Seal your risotto in a FoodSaver bag and gently simmer it in water until heated thru.


----------



## Candocook

Olive oil or butter. Flatten into cakes.


----------



## Claire

I'm a big believer in the microwave for re-heating anything that is thick and will easily burn.  BUT you can add an egg or two (depending on how much you have) and make a fritatta.


----------



## urmaniac13

Actually leftover risotto leaves much to be desired, no matter how you reheat it. We try not to produce too much of leftover, if there is a bit of it left we choose to "sacrifice our bellies" and finish it off.  

However if there HAS TO be some leftovers, I agree with candocook, I would make those fried balls, or arancini, with a dice of mozzarella in the centre, lightly *bread the surface* (note to kitchenelf!) and deep fry them.

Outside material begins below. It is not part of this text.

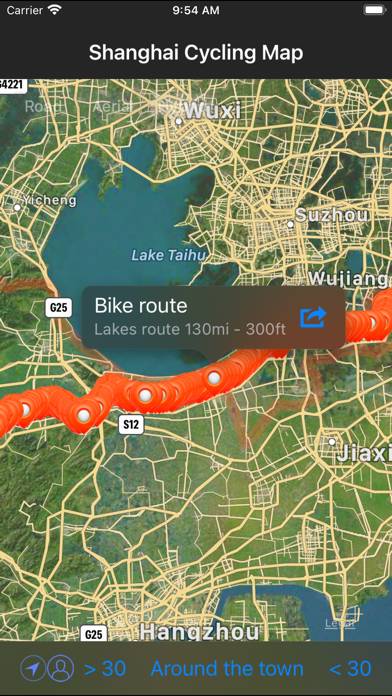 Shanghai Cycling Map Schermata dell'app #4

A delicious snack or antipasto!!


----------



## suzyQ3

I store leftover risotto in a casserole and sprinkle just a tiny bit of water over it right before reheating it in a microwave on reduced power until it's just warm, stirring it once or twice.

I know risotto should be eaten immediately after cooking it, but with just the two of us, that's not going to happen. So I've found that this method works fairly well. It may not be quite as good as the first time around, but that's okay.


----------



## lulu

Arancini......mmmmmmmmmm, do they have them with ragu in the middle in Roma too?  we get Ragu and mozzerella fille ones, but mozzerella ones are the best, imo!  

They are well worth trying, and I think they make a great lunch with a big salad, as they fill that void that a green salad alone doesn't.


----------



## Claire

I agree that leftover risotto just doesn't taste all that good.  It is more the texture that suffers rather than the taste.  That's why I try to turn it into something different (and yes, I've made those rice balls with it.  Yummm Yumm, but the frittata is easier).  But don't ask my husband.  He'll eat it for many meals, just nuked.


----------



## VegasDramaQueen

cjs said:
			
		

> Seal your risotto in a FoodSaver bag and gently simmer it in water until heated thru.


 
*You've got the best idea yet.  I do this and find that if you HAVE to reheat risotto,  this is the way to do it.  Keeps it from drying out and heats it perfectly.*


----------



## winston

risotto frittata

form into patties, dust in flour, shallow fry in hot oil...delicious.


----------



## cjs

"form into patties, dust in flour, shallow fry in hot oil...delicious." - sounds like a winner.

or  make croquettes...


----------